2017 SUPER GT ROUND3

FINAL GT500

第3戦「SUPER GT in KYUSHU 300km RACE」レポート
20th - 21st May, 2017

DENSO KOBELCO SARD LC500 が予選 3 位を獲得

2017 年の SUPER GT 第 3 戦「SUPER GT in KYUSHU 300km RACE」が 5 月 20 日(土)、21 日(日)、大分県のオートポリスで開催。第 2 戦の富士大会より、わずか2週間のインターバルを経てシリーズ最西端の九州ラウンドを迎えた。

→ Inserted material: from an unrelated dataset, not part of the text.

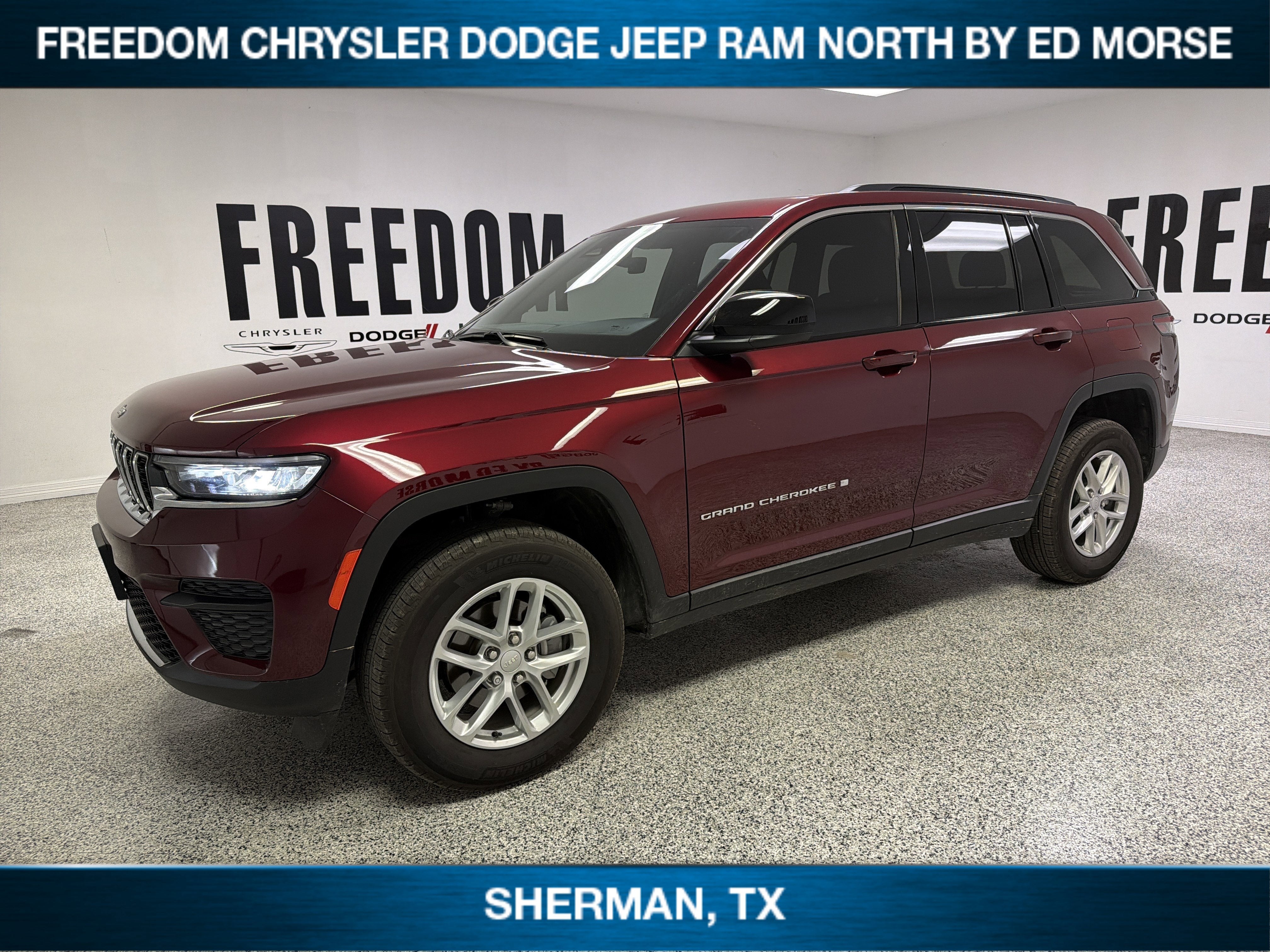 2025 Jeep Grand Cherokee Laredo X 4x4's photo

2016年は熊本地震の影響で SUPER GT が中止となったことから、オートポリスを舞台とする九州大会は2年ぶりの開催を迎える。

「コースにクラックが入るなど様々な被害がありました。1km ほど再舗装したほか、ピットガレージも修復し、昨年 10 月にオープン。そして関連企業の協力でようやくエントリー台数、観客動員数ともに最大規模のスーパー GT を迎えることができました。サーキットまでのアクセスも完全に復旧したわけではないですし、一部施設も使えなかったりと、どこまでお客さんを満足させられるのか、不安な部分もありますが、自分たちでできる精一杯のことはできたと思います」。そう語るのはオートポリスで広報を担当するモータースポーツ部の谷上学氏だ。

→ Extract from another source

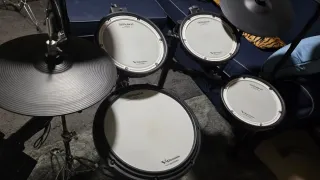 Batería Electrónica Roland TD-17 KVX V-Drums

さらに「父が熊本出身で親戚も多い。ほとんど第二のホームといった感じだったので、昨年の地震は心配したし、レースが中止になったのはとても残念だった。九州でしか会えないファンも多いので2年ぶりの九州ラウンドがすごく楽しみ」と LEXUS TEAM ZENT CERUMO石浦宏明選手が語った。また2015年はドライバーとして参戦し、2017年はチーム監督としてオートポリスに帰ってきた LEXUS TEAM LEMANS WAKO’S の脇阪寿一監督も「2009 年の SUPER GT でスランプだったけれど、九州のファンが暖かく迎えてくれたおかげで優勝できたし、最終戦もてぎでの逆転タイトルにつながったので、それ以来、オートポリスには特別な思いがある。今回はウエイトがあって難しいけれどプロのチームとして九州のファンに魅せるレースをしたい」と語る。それぞれの万感の思いを乗せて2年ぶりの九州ラウンドは幕を開けた。

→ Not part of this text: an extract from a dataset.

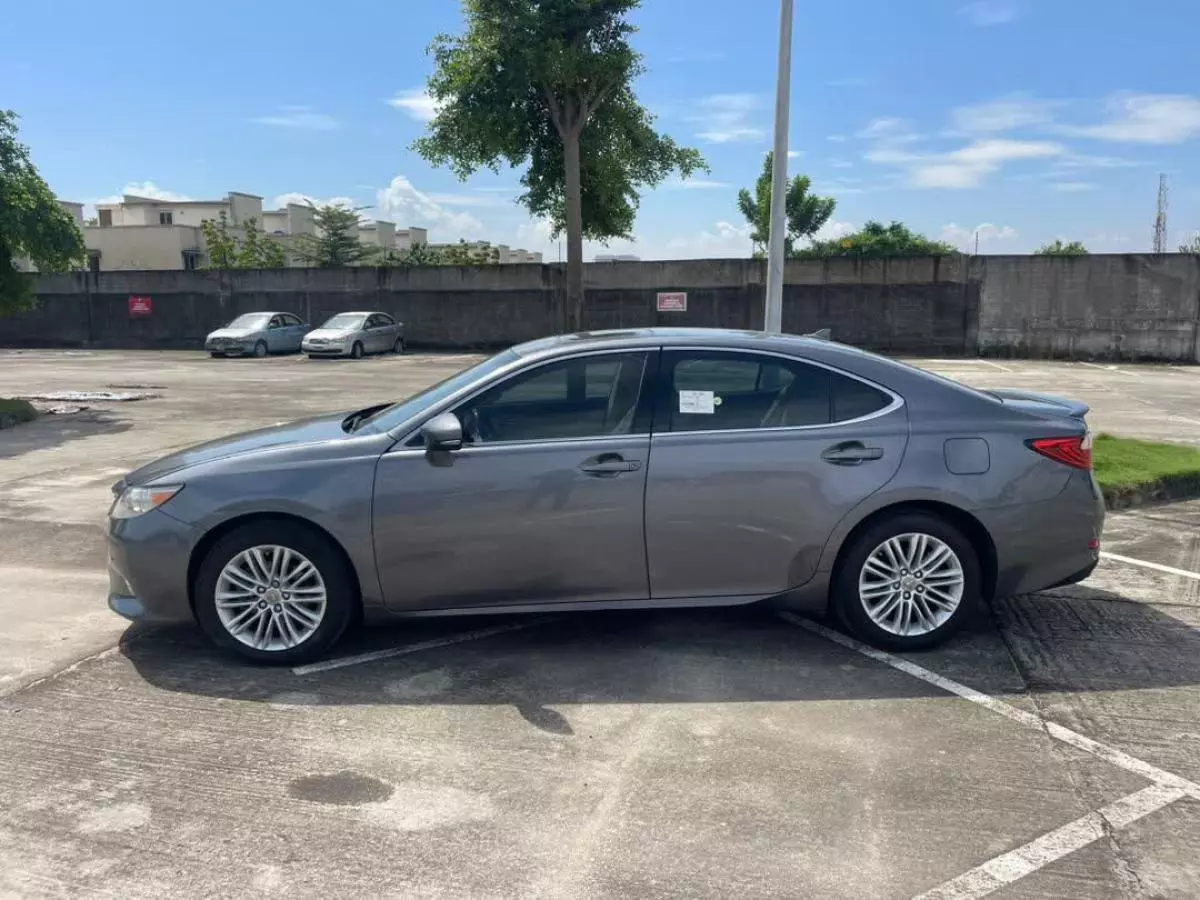 Lexus ES 350   - 2014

第 3 戦の舞台、オートポリスは阿蘇の大自然に抱かれた激しいアップダウンと中低速コーナーの連続するサーキットで、多くのドライバーがチャレンジングなコースだと口を揃える。「ジェットコースターストレートが終わってからは、ずっと登りながらのコーナーが続くのでリズムが難しい」と語るのは先の石浦選手で、LEXUS TEAM KeePer TOM’S平川亮選手は「タイヤに厳しいサーキットで、しっかりとしたマネジメントが必要になる」と分析する。そして、そのうえで最も重要なテクニックがアクセルワークにほかならない。世界最速クラスのGTカーレースを戦うレーシングドライバーたちは実に繊細なコントロールをしている。

「グリップを確かめながらアンダーステアを出さないようにアクセルでコントロールしているけど、オートポリスではさらに繊細な操作が必要になる。イメージ的には足首を動かさずに、アクセルに乗せている右足の親指だけを折り曲げたり、伸ばしたりするような感覚」。そう語るのは LEXUS TEAM SARD平手晃平選手で、20日(土)の午後、澄み渡る空のもとで行われた予選でも LEXUS のドライバーたちはウエイト搭載と燃料リストリクター装着というハンディキャップを背負いながらも抜群のアクセルワークで好タイムをマークした。

ベストタイムこそ、RAYBRIG NSX-GT に譲ったが、ジェームス・ロシター選手のアタックで 2 位につけた au TOM’S LC500 を筆頭に計 5 台の LC500 が上位 8 台で争われる Q2 に進出した。さらにフロントローを逃しはしたものの、「前走車に前を塞がれて、少しタイムをロスしたけど、クルマのバランスは良かった。決勝では十分にチャンスがあると思う」と語るように、Q2 ではヘイキ・コバライネン選手のDENSO KOBELCO SARD LC500が3位を獲得している。

明けた 21 日(日)の決勝も LEXUS 勢は素晴らしいパフォーマンスを披露。その舞台で主役を演じたのは予選 3 位の DENSO KOBELCO SARD LC500、そして、もう一台、Q2 で中嶋一貴選手がコースアウト、予選で7位に留まった au TOM’S LC500 だった。

予選 7 位の au TOM’S LC500 が逆転勝利! LC500 が 3 連勝を達成

21 日(日)、山岳コースのオートポリスは薄い雲に覆われた。隙間から青空は覗くものの、気温、路面温度ともに前日よりも低いなか、65 周の決勝がスタートする。このコンディションの変化が影響を与えたのか、レースではドラマチックな名勝負が展開した。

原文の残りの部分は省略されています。